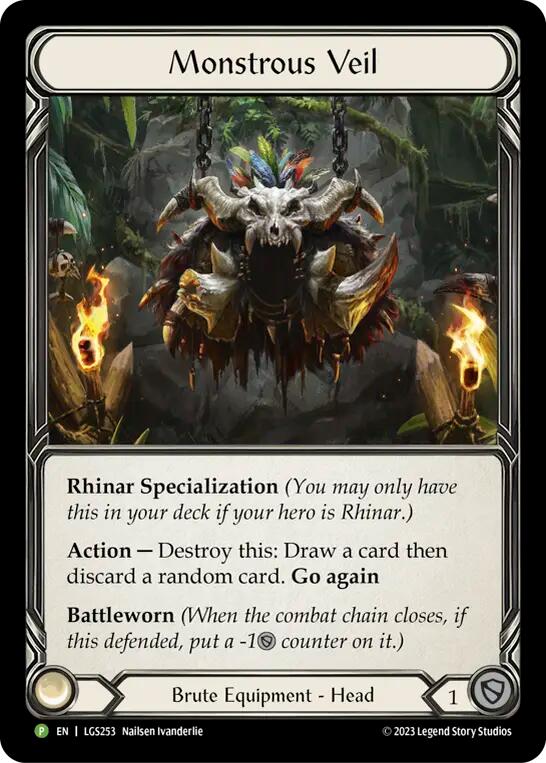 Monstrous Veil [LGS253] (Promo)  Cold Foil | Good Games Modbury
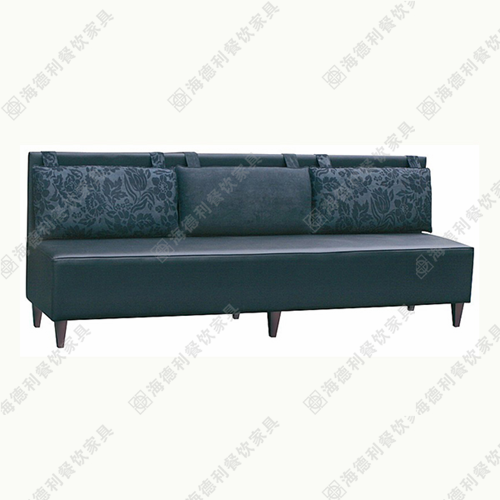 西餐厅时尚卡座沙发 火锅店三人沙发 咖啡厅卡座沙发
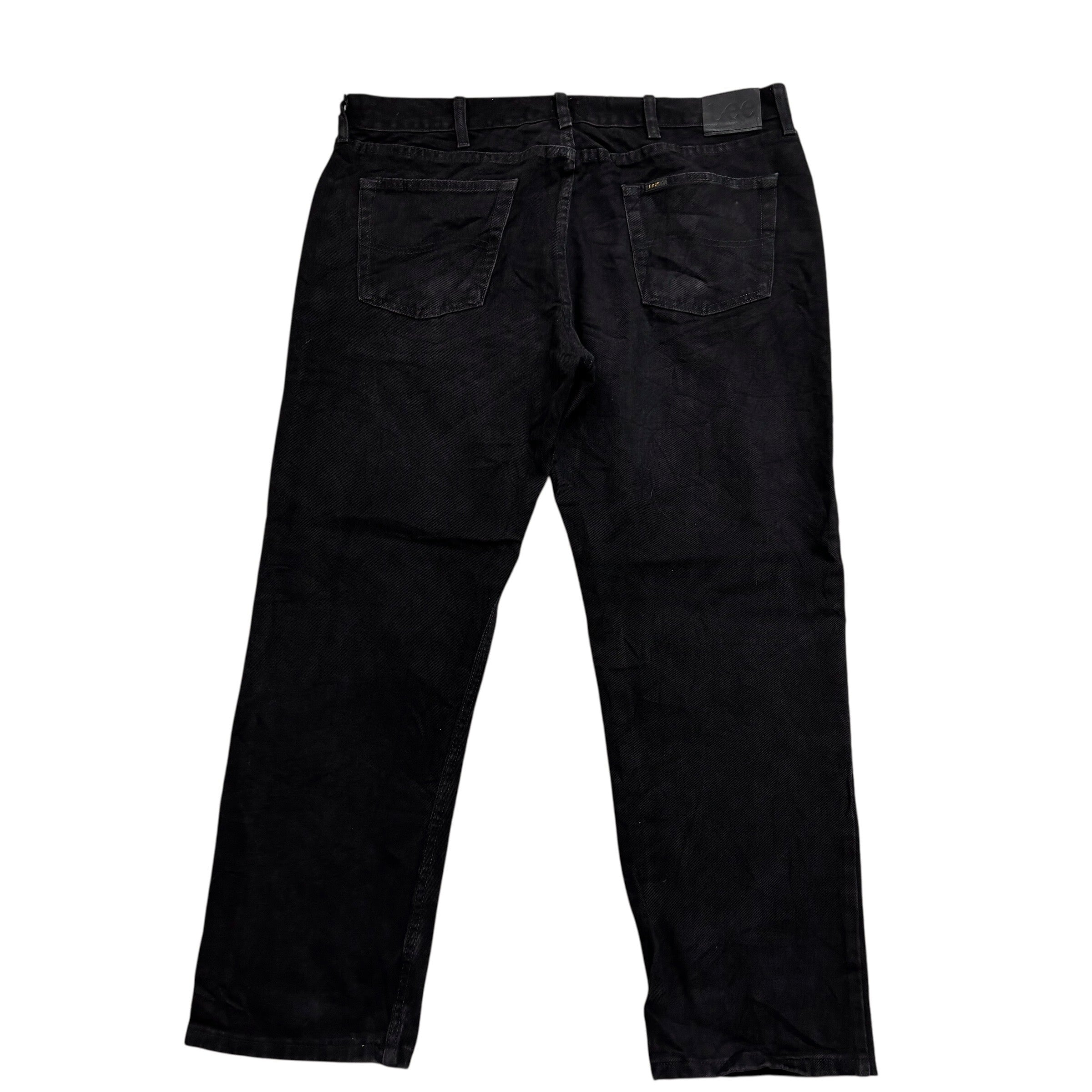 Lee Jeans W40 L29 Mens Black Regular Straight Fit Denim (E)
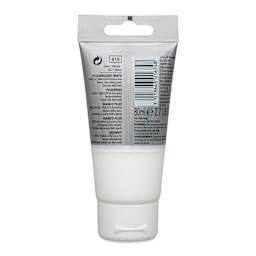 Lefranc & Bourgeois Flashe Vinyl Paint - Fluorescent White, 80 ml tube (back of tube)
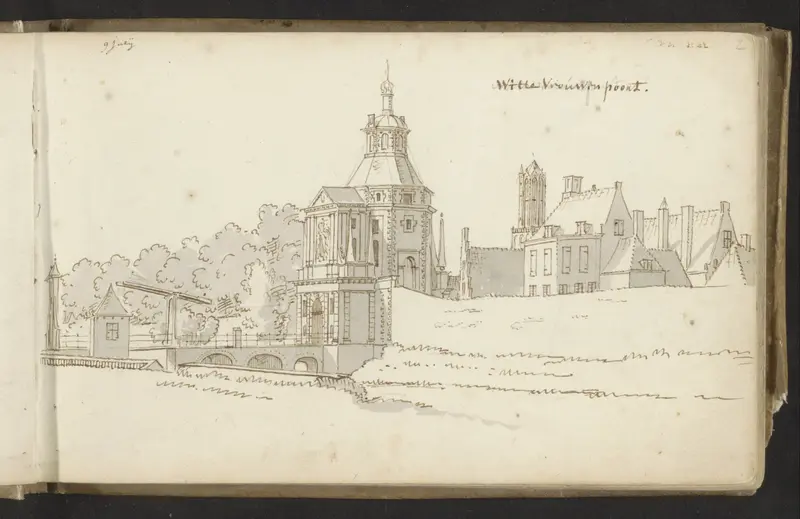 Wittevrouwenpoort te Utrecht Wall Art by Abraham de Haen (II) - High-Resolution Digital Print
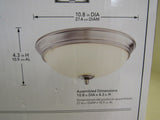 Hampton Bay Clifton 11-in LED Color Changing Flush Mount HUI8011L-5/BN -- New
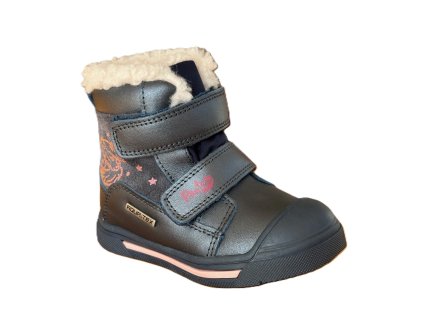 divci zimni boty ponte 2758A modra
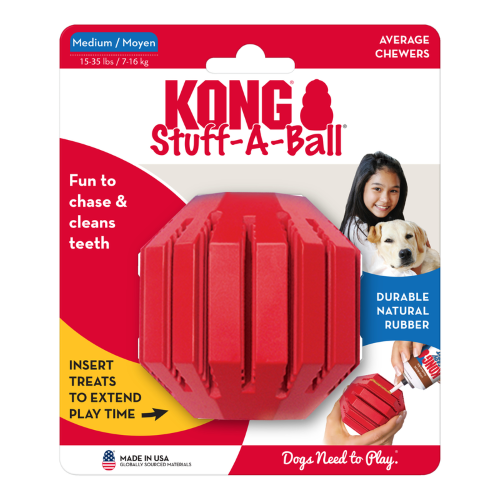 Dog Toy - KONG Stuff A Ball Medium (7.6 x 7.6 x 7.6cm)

═══

- **HOW TO COMPLETE THIS TASK**
Lines from the one containing "divci zimni boty ponte 2758A modra" through the end of the listing, both included, are to be restated exactly, and pictures are to be left out.

- **RESULT OF THIS EXERCISE**
 divci zimni boty ponte 2758A modra
 Dog Toy - KONG Stuff A Ball Medium (7.6 x 7.6 x 7.6cm)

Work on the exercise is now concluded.